[Activity]:
The required output is all lines below that contain the word "Asian".

[Data to use]:
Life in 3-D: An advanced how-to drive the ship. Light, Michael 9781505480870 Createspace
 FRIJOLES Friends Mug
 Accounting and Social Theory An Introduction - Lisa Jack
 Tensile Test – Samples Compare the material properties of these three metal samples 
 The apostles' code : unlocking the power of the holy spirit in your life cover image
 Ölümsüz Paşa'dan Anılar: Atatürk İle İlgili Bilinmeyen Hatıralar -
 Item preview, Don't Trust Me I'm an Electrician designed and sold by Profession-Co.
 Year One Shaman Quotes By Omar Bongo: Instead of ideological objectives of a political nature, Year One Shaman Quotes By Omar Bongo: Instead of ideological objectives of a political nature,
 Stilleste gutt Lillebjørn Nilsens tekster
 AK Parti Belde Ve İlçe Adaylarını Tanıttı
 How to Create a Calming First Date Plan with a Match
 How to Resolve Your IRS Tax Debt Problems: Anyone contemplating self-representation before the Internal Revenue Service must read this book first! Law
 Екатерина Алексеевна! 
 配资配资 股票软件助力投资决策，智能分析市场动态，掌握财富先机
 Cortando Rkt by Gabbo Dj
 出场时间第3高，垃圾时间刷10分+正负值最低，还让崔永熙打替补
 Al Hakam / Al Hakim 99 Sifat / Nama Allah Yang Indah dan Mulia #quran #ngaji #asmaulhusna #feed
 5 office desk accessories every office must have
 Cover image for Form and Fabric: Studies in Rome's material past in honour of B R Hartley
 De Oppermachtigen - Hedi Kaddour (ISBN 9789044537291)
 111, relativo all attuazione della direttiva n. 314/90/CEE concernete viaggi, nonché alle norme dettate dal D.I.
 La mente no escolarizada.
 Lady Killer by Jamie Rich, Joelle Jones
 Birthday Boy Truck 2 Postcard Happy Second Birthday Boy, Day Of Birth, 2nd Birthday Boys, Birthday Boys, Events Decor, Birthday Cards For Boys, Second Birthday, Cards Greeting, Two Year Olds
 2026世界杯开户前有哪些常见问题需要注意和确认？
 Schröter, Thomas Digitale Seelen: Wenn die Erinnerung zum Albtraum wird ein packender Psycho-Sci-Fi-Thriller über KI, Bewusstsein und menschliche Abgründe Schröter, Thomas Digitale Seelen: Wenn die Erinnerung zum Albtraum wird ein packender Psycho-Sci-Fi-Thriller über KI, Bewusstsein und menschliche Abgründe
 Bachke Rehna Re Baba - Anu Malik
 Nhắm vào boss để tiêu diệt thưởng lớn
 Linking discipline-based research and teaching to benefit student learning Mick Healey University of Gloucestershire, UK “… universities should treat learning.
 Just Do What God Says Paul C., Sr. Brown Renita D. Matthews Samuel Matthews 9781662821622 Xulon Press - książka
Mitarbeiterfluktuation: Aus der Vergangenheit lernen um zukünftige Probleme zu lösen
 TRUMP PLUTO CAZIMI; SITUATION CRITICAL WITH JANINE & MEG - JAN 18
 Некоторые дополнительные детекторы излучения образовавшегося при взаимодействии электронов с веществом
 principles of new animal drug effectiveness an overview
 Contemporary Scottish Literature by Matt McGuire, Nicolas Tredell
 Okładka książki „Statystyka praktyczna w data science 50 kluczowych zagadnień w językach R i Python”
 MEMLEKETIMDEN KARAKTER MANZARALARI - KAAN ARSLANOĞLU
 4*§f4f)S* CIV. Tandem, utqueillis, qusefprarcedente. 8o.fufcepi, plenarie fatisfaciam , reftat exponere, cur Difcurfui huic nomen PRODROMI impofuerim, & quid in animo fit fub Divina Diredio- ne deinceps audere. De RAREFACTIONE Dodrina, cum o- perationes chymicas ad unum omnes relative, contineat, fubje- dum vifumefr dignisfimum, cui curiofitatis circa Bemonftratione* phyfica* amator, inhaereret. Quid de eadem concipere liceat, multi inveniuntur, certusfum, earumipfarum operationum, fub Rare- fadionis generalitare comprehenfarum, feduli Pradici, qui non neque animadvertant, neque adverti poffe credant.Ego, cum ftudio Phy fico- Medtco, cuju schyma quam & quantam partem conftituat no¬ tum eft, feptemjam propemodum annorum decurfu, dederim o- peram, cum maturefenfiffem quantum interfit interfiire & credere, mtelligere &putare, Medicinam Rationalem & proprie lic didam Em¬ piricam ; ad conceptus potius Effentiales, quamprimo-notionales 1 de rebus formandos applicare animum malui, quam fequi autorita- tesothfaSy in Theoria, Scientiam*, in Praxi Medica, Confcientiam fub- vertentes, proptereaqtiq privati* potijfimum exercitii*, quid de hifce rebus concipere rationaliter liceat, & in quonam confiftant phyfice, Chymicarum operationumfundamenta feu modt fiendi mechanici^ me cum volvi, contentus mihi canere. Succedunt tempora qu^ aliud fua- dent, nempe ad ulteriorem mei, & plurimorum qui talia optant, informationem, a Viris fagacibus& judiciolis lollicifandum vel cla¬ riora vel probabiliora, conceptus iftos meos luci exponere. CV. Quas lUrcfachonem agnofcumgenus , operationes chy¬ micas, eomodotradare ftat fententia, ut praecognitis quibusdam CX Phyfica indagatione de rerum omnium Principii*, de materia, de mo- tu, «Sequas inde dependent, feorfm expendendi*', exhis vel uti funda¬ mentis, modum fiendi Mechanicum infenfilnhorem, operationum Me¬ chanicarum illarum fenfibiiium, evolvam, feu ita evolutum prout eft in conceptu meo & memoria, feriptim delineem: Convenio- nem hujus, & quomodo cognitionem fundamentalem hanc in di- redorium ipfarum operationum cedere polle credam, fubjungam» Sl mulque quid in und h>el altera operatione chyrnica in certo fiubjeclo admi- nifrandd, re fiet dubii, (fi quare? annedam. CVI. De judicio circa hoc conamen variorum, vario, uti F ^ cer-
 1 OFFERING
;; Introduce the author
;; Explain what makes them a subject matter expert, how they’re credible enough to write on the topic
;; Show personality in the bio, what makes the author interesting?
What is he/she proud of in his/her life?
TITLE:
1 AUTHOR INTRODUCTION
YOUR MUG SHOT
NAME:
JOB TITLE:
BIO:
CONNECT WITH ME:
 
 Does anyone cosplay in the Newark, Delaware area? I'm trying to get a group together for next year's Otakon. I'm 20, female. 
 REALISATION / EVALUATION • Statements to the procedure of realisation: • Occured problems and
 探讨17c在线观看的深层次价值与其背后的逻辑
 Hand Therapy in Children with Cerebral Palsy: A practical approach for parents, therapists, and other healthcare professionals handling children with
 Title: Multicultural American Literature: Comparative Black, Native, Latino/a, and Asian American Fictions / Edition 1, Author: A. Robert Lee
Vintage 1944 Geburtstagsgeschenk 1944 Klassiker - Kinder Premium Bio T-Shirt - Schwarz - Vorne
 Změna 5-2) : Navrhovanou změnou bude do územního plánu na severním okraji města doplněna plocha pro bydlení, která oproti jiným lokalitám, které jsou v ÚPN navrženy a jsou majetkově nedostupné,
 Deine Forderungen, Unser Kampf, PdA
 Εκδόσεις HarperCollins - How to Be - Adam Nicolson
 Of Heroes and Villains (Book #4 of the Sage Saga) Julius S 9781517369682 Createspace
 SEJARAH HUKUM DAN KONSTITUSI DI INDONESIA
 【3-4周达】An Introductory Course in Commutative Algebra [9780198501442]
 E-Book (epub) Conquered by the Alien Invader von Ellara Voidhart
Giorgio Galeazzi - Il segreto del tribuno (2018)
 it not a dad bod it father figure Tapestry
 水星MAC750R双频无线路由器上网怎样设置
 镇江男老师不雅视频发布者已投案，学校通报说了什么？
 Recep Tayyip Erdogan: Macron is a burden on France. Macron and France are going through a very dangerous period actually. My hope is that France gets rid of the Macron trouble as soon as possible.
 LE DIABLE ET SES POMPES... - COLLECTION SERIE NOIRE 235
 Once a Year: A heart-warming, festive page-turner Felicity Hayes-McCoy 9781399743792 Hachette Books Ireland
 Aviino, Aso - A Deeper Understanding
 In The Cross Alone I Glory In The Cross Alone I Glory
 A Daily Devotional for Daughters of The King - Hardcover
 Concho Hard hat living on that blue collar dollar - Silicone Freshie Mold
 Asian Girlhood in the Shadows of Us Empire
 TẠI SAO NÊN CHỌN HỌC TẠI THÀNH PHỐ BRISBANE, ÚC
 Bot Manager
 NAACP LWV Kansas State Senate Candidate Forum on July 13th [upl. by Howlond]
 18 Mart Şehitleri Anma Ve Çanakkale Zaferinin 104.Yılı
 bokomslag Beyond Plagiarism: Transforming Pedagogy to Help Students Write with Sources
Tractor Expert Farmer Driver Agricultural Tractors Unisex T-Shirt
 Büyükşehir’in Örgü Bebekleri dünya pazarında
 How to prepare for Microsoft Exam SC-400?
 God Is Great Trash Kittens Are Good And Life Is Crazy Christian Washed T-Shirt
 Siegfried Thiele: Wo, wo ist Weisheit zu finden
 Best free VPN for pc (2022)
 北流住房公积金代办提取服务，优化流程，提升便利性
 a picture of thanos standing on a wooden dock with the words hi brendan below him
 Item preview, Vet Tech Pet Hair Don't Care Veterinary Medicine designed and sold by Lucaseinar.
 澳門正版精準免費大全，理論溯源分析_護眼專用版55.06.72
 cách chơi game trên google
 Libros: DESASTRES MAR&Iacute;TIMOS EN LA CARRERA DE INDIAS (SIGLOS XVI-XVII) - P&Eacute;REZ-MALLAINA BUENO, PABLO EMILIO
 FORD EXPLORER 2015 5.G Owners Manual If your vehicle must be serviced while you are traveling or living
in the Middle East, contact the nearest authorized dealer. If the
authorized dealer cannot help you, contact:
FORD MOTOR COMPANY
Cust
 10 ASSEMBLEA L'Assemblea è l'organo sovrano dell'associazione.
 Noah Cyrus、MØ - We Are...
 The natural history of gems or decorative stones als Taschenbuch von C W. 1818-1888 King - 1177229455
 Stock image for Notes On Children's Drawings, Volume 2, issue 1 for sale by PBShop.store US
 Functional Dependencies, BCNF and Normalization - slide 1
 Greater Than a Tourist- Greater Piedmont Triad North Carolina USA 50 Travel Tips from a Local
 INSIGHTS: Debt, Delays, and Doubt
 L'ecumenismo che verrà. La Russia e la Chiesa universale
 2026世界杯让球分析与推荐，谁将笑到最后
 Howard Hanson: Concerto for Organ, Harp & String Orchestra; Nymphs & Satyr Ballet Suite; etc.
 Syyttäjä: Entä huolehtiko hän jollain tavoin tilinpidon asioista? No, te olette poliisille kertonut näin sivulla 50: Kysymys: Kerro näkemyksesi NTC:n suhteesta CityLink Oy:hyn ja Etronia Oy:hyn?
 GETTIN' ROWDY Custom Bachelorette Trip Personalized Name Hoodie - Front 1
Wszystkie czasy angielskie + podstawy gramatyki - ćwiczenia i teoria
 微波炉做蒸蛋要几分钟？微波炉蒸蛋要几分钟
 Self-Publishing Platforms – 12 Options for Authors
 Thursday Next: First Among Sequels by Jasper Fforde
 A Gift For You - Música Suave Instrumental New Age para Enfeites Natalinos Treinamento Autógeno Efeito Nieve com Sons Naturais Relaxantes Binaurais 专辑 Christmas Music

[Completed task]:
 Title: Multicultural American Literature: Comparative Black, Native, Latino/a, and Asian American Fictions / Edition 1, Author: A. Robert Lee
 Asian Girlhood in the Shadows of Us Empire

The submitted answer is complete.